Aussi, quand la révolution populaire soudanaise lancée en décembre 2018 a offert pour icône Ala’a Salah, une étudiante en ingénierie de 22 ans toute de blanc vêtue juchée sur le toit d’une voiture, on s’est dit qu’après les atrocités du Darfour et la guerre fratricide avec le Soudan du Sud devenu indépendant en 2011, le pays du Nil blanc et du Nil bleu vivait un tournant historique.

La chute du président Omar el-Bechir le 11 avril dernier a conforté ce sentiment. Mais l’espoir d’un printemps démocratique a été stoppé net le 3 juin quand des supplétifs de l’armée, les Forces de soutien rapide, ont réprimé sans faire de quartier les participants à un sit-in de protestation devant le QG des militaires dans la capitale. A l’icône a succédé le martyr. Tué le jour du grand massacre (au moins 120 morts), Mohamed Mattar, 26 ans, aspirant ingénieur à Londres, était revenu à Khartoum pour apporter sa pierre à la révolte, c’est dire l’enthousiasme qu’elle suscitait. Pour lui rendre hommage, ses amis ont paré de sa couleur préférée le hashtag de ralliement au combat des démocrates soudanais : #BlueForSudan.

Les gradés qui composent le Conseil militaire de transition (CMT) tentent depuis le 3 juin d’imposer une chape de plomb sur la population et ses revendications, en contradiction avec leur promesse de restituer le pouvoir aux civils. L’homme clé de cette normalisation est le général Mohamed Hamdan Dagalo, dit  » Hemedti « , numéro deux du CMT, ancien responsable des milices janjawid, fers de lance de la répression au Darfour et actuel chef des Forces de soutien rapide… Le recours renouvelé à des milices peu ou prou officielles témoigne du déficit de confiance des hauts gradés dans l’armée gouvernementale, dont une partie, dit-on, serait tentée par un rapprochement avec la population insurgée.

Le drame soudanais met à nouveau en exergue le trouble jeu des militaires en période de révolution une fois un président déchu. En Egypte, ils ont réduit à une parenthèse l’ouverture démocratique après l’élection du président Mohamed Morsi, issu des Frères musulmans et décédé en détention le lundi 17 juin, perçue comme une menace pour… la démocratie. Abdel Fattah al-Sissi a succédé providentiellement à Mohamed Hussein Tantawi, trop compromis avec la figure du président Moubarak.
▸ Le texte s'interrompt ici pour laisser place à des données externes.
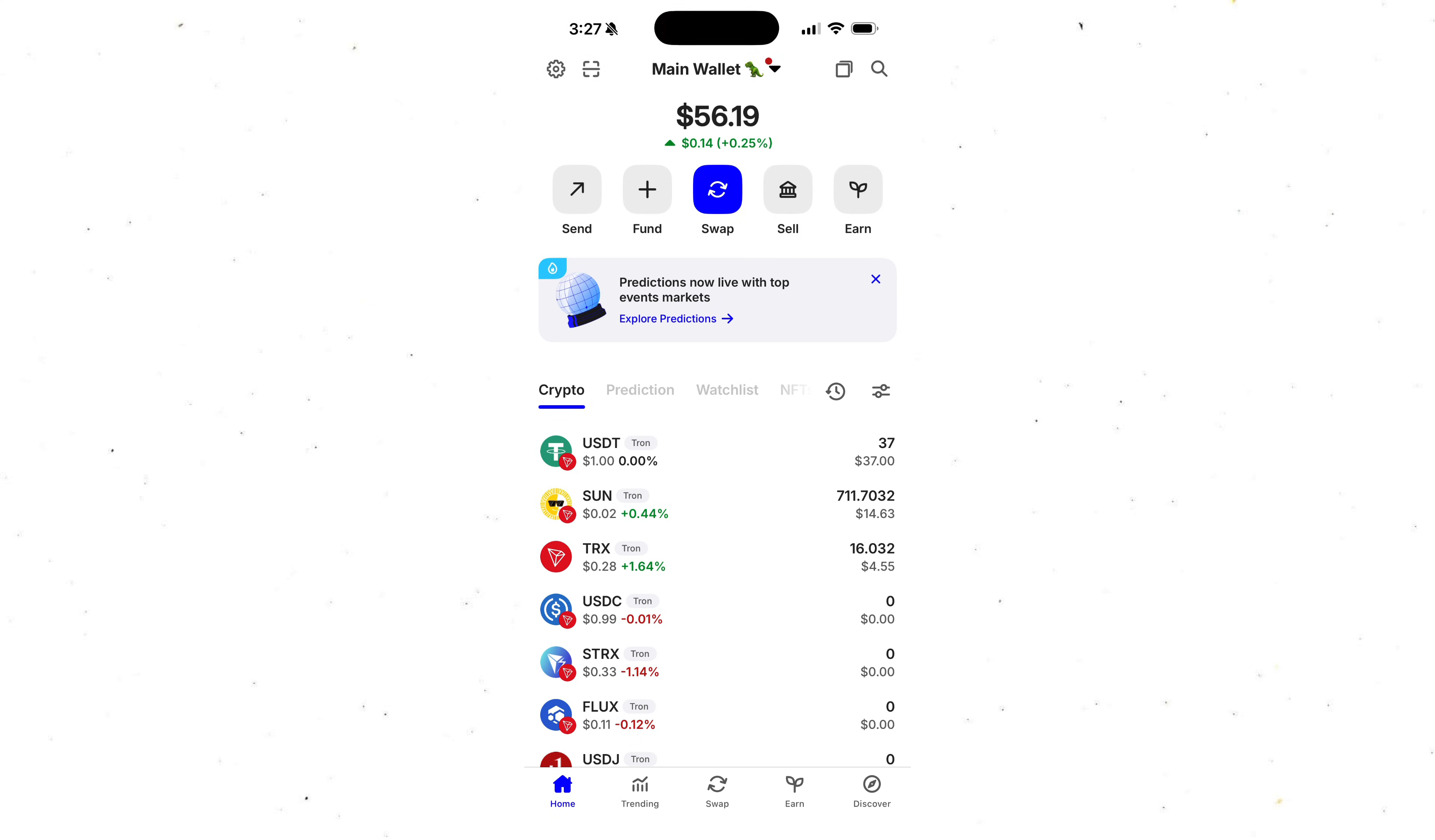I just completed a swap myself. So I won't go through every step again right now. But if you ever need it, you can always use this swapper to convert USDT to TRX or any other token in the Tron ecosystem.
Mais l’armée est restée aux manettes, solidement arc-boutée à ses prébendes. En Algérie, le chef d’état-major et vice-ministre de la Défense Ahmed Gaïd Salah, homme fort du pays après la démission sous la pression de la rue du président Abdelaziz Bouteflika le 2 avril 2019, maintient sa promesse d’organiser des élections présidentielles. Mais il en soumet la tenue à l’éradication de la corruption au terme d’une opération qui touche les proches de l’ancien président et épargnera sans doute ses pairs militaires. Si la lutte contre les corrupteurs répond à une revendication des manifestants qui défilent dans la rue depuis quatre mois, la confiscation rallongée du pouvoir fait douter des intentions réelles des caciques de l’armée. Et au Soudan, les dirigeants du Conseil militaire de transition, cornaqués par la Russie, la Chine, l’Egypte, l’Arabie saoudite et les Emirats arabes unis, ont donc pris le parti du statu quo contre les aspirations du peuple. On est loin du rôle de garante de la démocratie d’une armée d’un Etat occidental.